How often did such a perfect storm manifest? This is a matter of debate (סנהדרין עא):
Rabbi Shimon says: And is it simply due to the fact that the boy ate a piece of meat and drank a jug of Italian wine that his father and his mother shall take him out to stone him?! Rather, there has never been a stubborn and rebellious son and there will never be one in the future. If so, why, then, was the passage relating to a stubborn and rebellious son written in the Torah? So that you may expound upon new understandings of the Torah and receive reward for your learning.
Rabbi Yonatan says: This is not so! I saw one. I was once in a place where a stubborn and rebellious son was condemned to death, and I sat on his grave.

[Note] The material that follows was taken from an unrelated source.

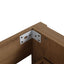 30 Inch Bathroom Vanity Plywood With 2 Drawers-BVB01030IMO-BL9075B - Korvel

Much ink has been spilled explaining this peculiar discussion. It appears that Rabbi Shimon is questioning the legitimacy of the Torah's law! Moreover, how does Rabbi Shimon know that there will never be a Ben Sorer U'Moreh? And if he is correct, how could Rabbi Yonatan testify to witnessing it?!
To understand this, we need to understand the relationship between P'shat and Drash here. The simple explanation of the Pasuk (p'shat) dictates that we judge the rebellious son based on his behavior. Doing so will lead his parents and society to determine that he is irredeemable; a lost cause. But Rabbi Shimon declares that it doesn't have to be that way. We can peer deeply into the text and into the life of this boy and discover an additional level of understanding (Drash) to the Torah's law. This Drash teaches us that there is no such a thing as a completely wicked and broken child. Why does the Torah tell us these laws? דרוש וקבל שכר – if you expound upon new understandings, you will find the reward. This is a lesson for life, not just this Parsha: Don't settle for a superficial explanation.
What is the the lesson of Rabbi Shimon's drash? He explains: The adults in this child's life must be healthy, happy, talented parents and educators such that there can be no other explanation for this his rebellion. Effectively, Rabbi Shimon is challenging us: I'll accept that this kid is a Ben Sorer U'Moreh if you can prove to me that every other part of his life was perfect. Barring that, we should look at his behavior as influenced by the negativity around him and declare him innocent of his crimes. At the very least, a holistic understanding of the this boy and his story will lead to more nuanced attributions for his behavior. (Or as Rashi states: ואיכא להפוכי בזכותיה – if at all possible, we must find merit in his actions.)
Rabbi Yonatan tragically counters: “I have seen it happen that parents and schools, teachers and Rabbeim could not find it inside of themselves to find a Drasha to explain a kids life and issues. I've been to those funerals. I've cried by those graves.”
This challenge is the paradigmatic Avoda of all relationships, of parenting, education and Elul. If we are only willing to look at people on the level of P'shat, then it is easy to label people as wrong, evil, destructive and unworthy. But Chazal are telling us that there are drashos to find the good in everyone and everything. With this perspective every Jew is precious and every Jew is worth it. No one is irredeemable.
Hashem should help us to דרוש וקבל שכר – to see the world through the eyes of Rabbi Shimon so that we might learn to live in Hashem's world of Drash as well.